Die verbleibenden Sonnenblumen im Plakatschatten brauchen eine schützende Kraft. Eine von ihnen – nicht die größte, aber die älteste – hat schon eine Knospe hervorgebracht. Ich hoffe, ich werde sie noch erblühen sehen!

Geknickte Grüße aus dem sonnenlosen Sonnenblumenrefugium

Meine Schützlinge und ich – zu besseren Zeiten (29.08.2017)

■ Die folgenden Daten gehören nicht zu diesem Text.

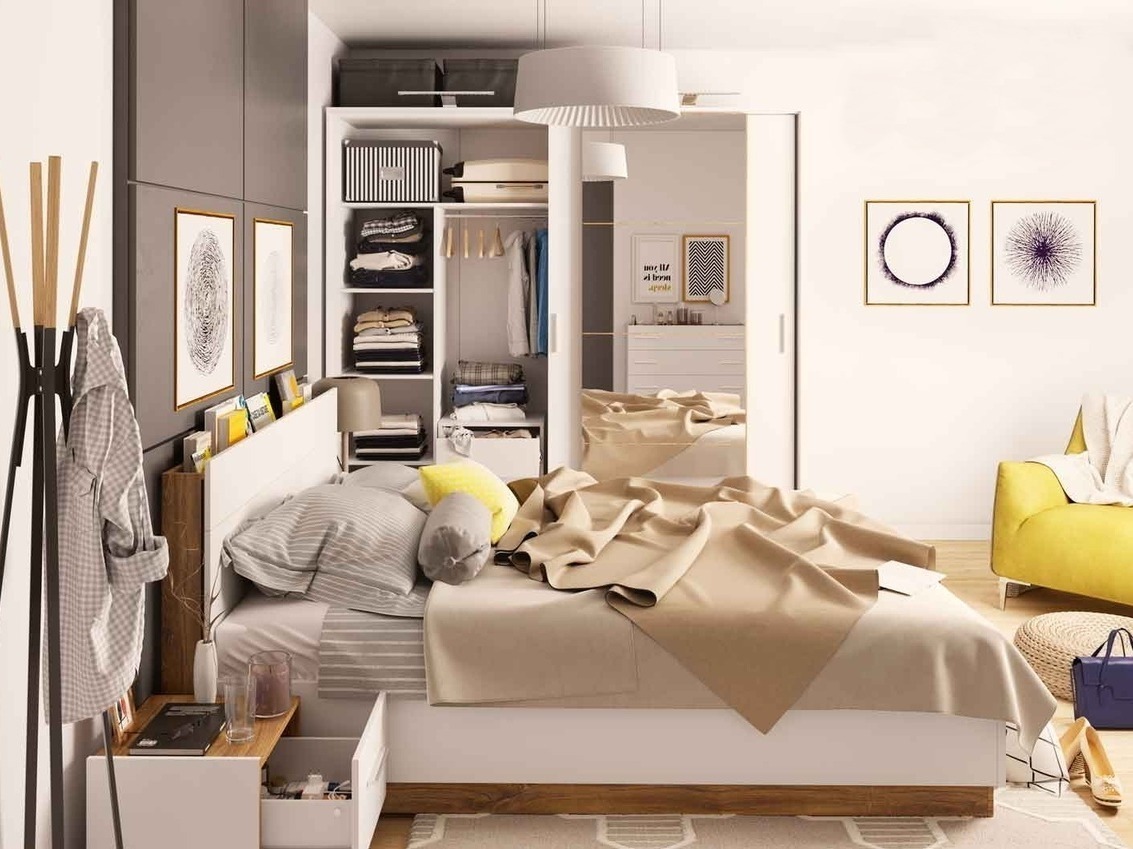 Легло Livsori 108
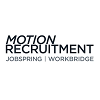 Motion Recruitment-logo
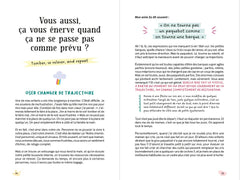 Maman dépassée mais heureuse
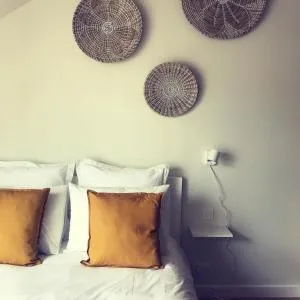 La Sodilie proche centre ville au calme Parking gratuit - Бугене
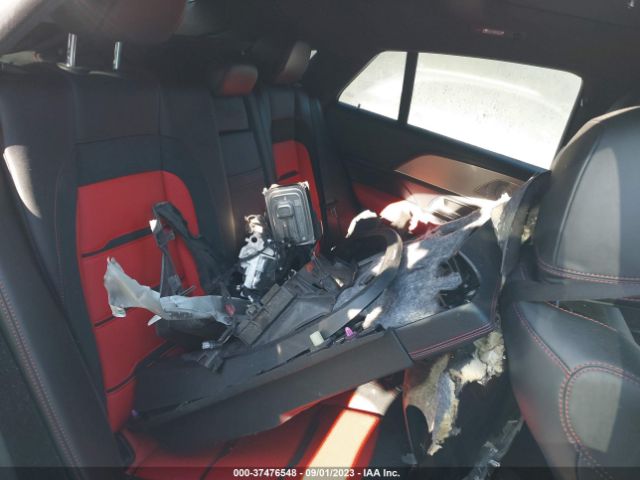 4JGFD6BB2PA838191 Mercedes-Benz Gle Amg Gle 53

Folge 4: Mauergarten – Pioniere vereinen Wilden Westen und Osten mit grünen Kraftkreisen

STANDORT UND BODENVERHÄLTNISSE

Wo früher der Todesstreifen zwischen Prenzlauer Berg und Wedding verlief, liegt heute der Mauerpark. Besonders am Sonntag zieht der Mauerpark viele Menschen an, die auf der Wiese und im Birkenhain grillen, im Flohmarkt-Gewühl nach einem Schnäppchen suchen, sich von den Musikanten und Schaustellern unterhalten lassen und am Karaoke-Fahrrad im Amphitheater selbst zum Mikro greifen.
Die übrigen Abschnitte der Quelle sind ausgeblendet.